When you retype the records that follow, keep each word as it is and drop any pictures.

### The input

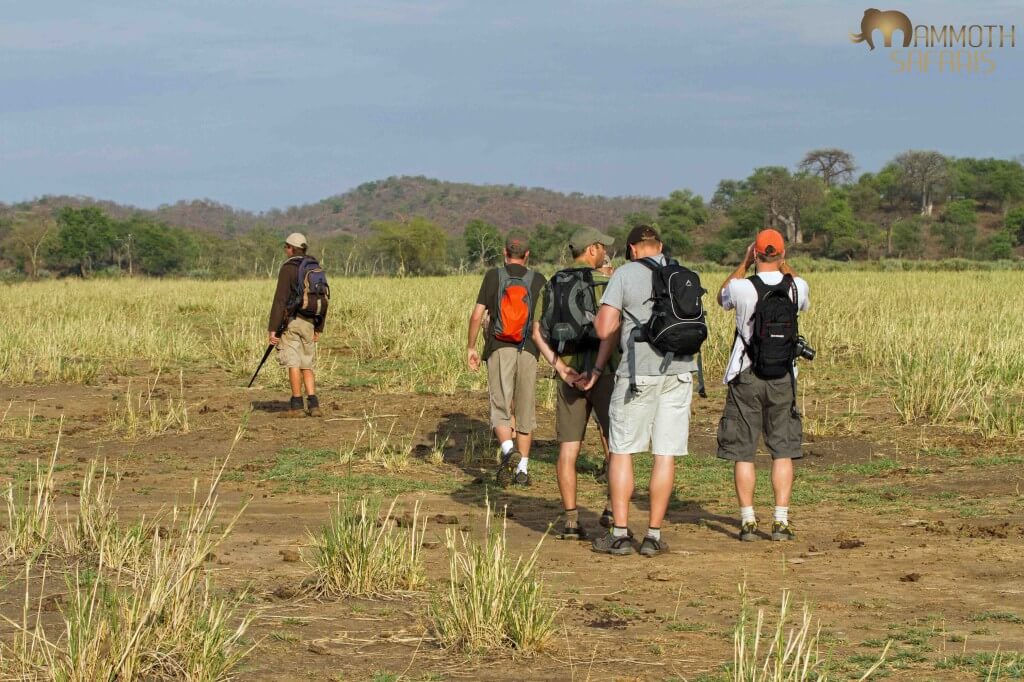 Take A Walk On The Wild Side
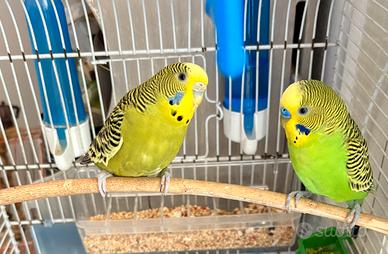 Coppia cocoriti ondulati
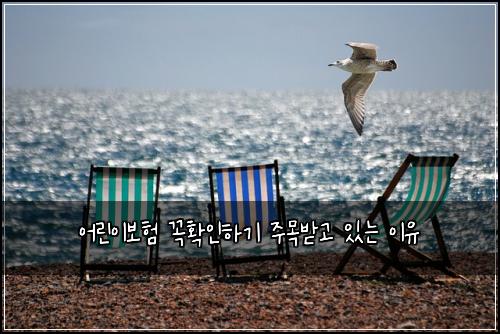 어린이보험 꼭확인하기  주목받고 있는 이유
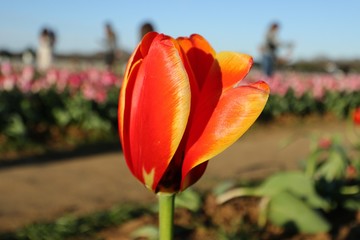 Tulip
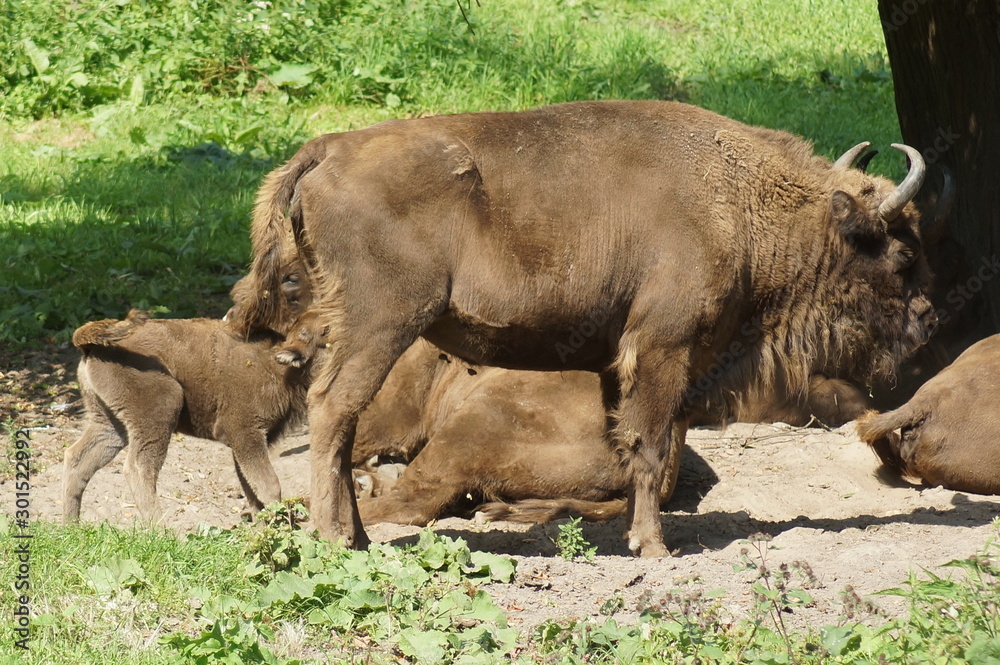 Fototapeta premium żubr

######

**Output of the exercise**
 Take A Walk On The Wild Side
 Coppia cocoriti ondulati
 어린이보험 꼭확인하기  주목받고 있는 이유
 Tulip
 Fototapeta premium żubr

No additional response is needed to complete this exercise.